_Work instruction_: This task asks for the lines from the one with "Karabük'te YKS'ye geç" to the final line below, repeated exactly, with pictures omitted.

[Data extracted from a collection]
↓

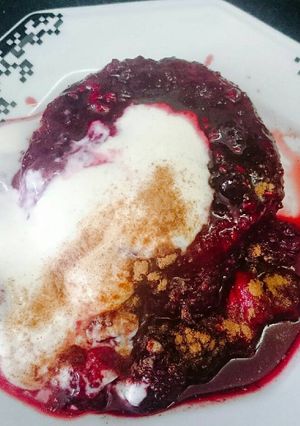 Foto de Donuts com frutas vermelhas mel e iogurte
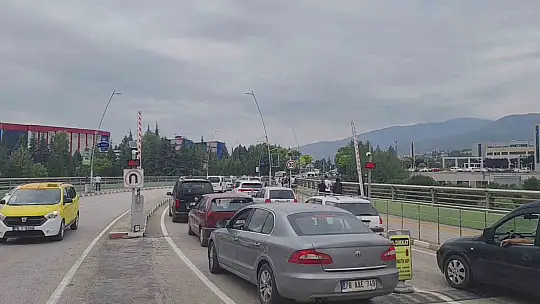 Karabük'te YKS'ye geç kalan öğrenciler içeri alınmadı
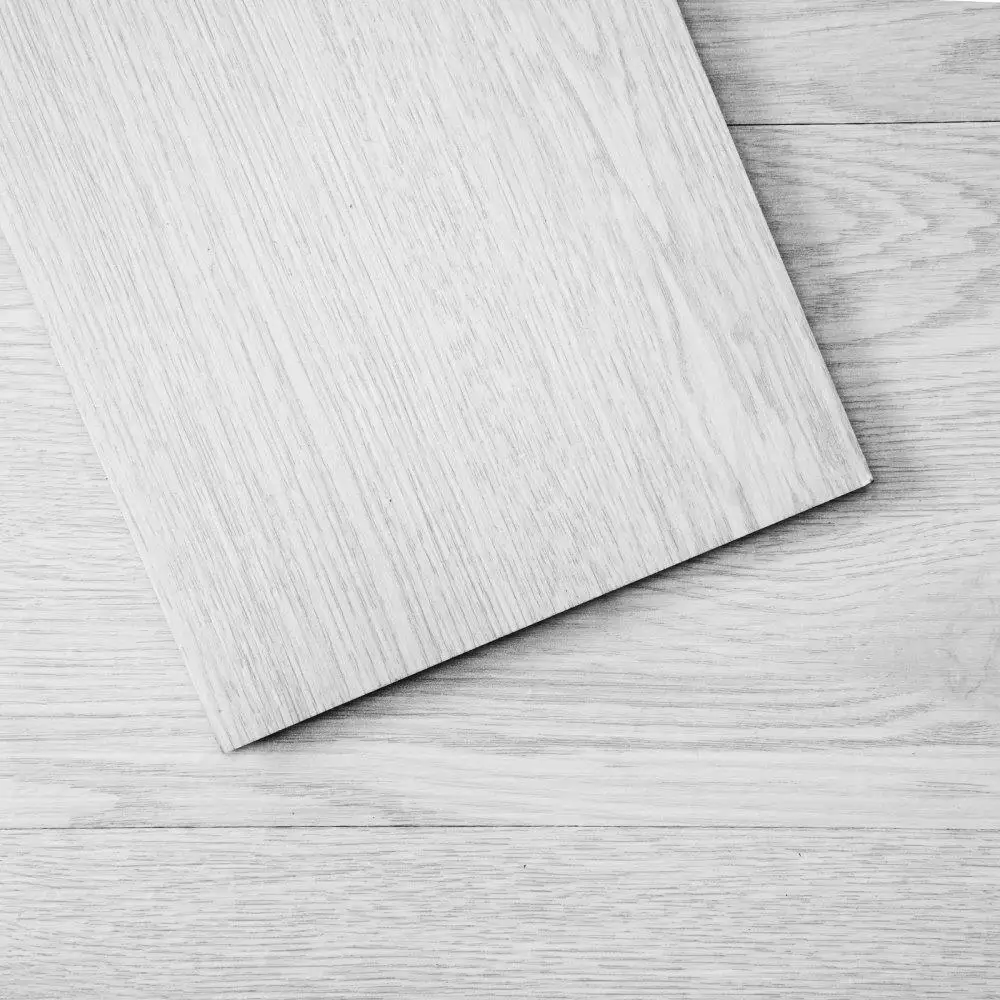 Azulejos de vinilo autoadhesivos, 36x6 pulgadas, 36 piezas, 2,5mm de espesor, grano de madera gris claro, suelos DIY para cocinas y baños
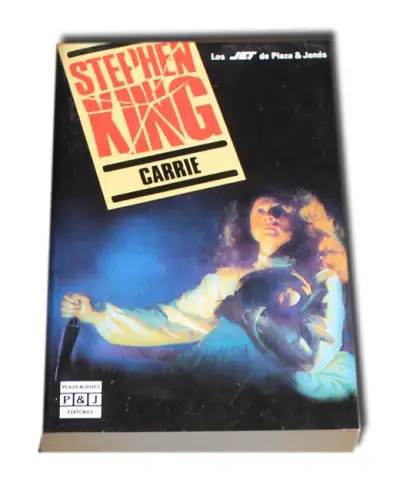 Carrie — Stephen King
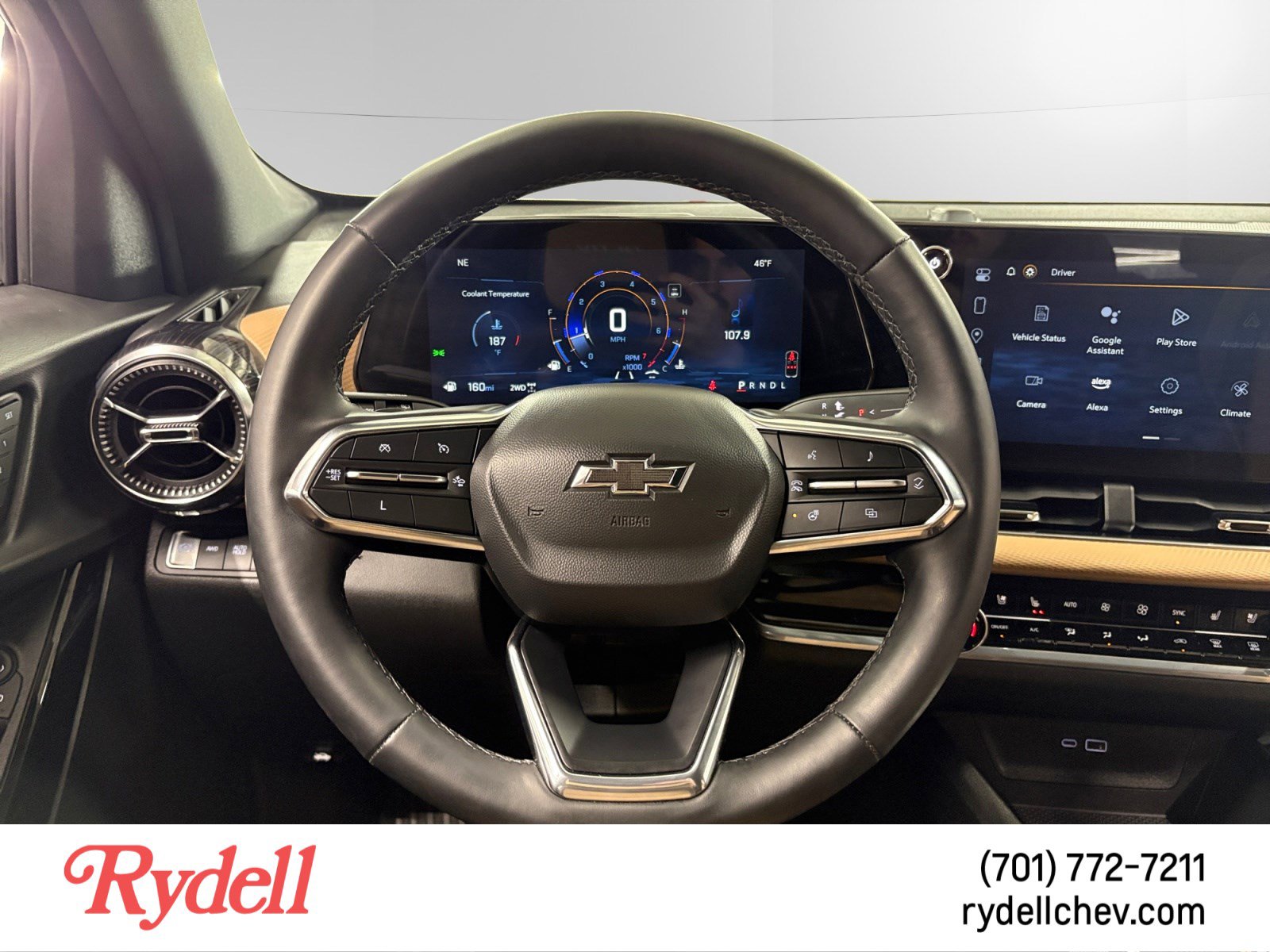 Used 2025 Chevrolet Equinox ACTIV w/ Safety and Technology Package AWD/4WD image 13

↑

_Finished exercise_:
 Karabük'te YKS'ye geç kalan öğrenciler içeri alınmadı
 Azulejos de vinilo autoadhesivos, 36x6 pulgadas, 36 piezas, 2,5mm de espesor, grano de madera gris claro, suelos DIY para cocinas y baños
 Carrie — Stephen King
 Used 2025 Chevrolet Equinox ACTIV w/ Safety and Technology Package AWD/4WD image 13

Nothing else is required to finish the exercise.